This workflow requires two operations: a grouping operation using the `group_by` function and a summary operation using the `summarise`/`summarize` function. Here, we'll compute two summary statistics: minimum delay time and maximum delay time.
```{r}
library(dplyr)
df %>%
group_by(Weekday) %>%
summarise(min_delay = min(Delay), max_delay = max(Delay))
```
Note that the weekday follows the chronological order as defined in the `Weekday` factor.
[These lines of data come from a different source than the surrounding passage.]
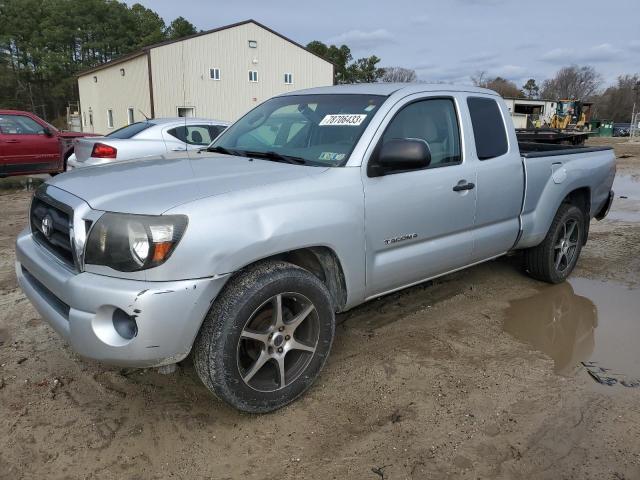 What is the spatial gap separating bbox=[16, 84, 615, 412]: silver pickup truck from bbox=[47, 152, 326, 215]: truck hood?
0.01m

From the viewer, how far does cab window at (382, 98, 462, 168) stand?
3465 millimetres

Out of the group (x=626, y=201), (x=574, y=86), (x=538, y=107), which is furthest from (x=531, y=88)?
(x=626, y=201)

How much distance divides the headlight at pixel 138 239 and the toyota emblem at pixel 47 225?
57 cm

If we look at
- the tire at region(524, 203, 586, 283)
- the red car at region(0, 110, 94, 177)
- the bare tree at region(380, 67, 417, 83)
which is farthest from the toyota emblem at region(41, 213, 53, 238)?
the bare tree at region(380, 67, 417, 83)

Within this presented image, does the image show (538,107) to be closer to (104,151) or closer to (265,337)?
(104,151)

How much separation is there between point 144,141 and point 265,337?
6.54 m

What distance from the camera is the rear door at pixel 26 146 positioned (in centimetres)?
1050

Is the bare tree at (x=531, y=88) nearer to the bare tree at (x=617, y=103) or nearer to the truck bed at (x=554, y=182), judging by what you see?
the bare tree at (x=617, y=103)

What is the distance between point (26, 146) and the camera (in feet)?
35.0

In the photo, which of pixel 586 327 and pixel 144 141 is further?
pixel 144 141

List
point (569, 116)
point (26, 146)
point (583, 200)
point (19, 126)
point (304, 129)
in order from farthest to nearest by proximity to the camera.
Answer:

You'll also note that the output is a `tibble`. This data class is discussed at the end of this page.
### Grouping by multiple variables
You can group by more than one variable. For example, let's build another dataframe listing the average delay time in minutes, by quarter, by weekend/weekday and by inbound/outbound status for Logan airport's 2014 outbound flights.
```{r}
df2 <- data.frame(
Quarter = paste0("Q", rep(1:4, each = 4)),
Week = rep(c("Weekday", "Weekend"), each=2, times=4),
Direction = rep(c("Inbound", "Outbound"), times=8),
Delay = c(10.8, 9.7, 15.5, 10.4, 11.8, 8.9, 5.5,
3.3, 10.6, 8.8, 6.6, 5.2, 9.1, 7.3, 5.3, 4.4))
```
The goal will be to summarize the delay time by `Quarter` and by `Week` type as shown in the following graphic.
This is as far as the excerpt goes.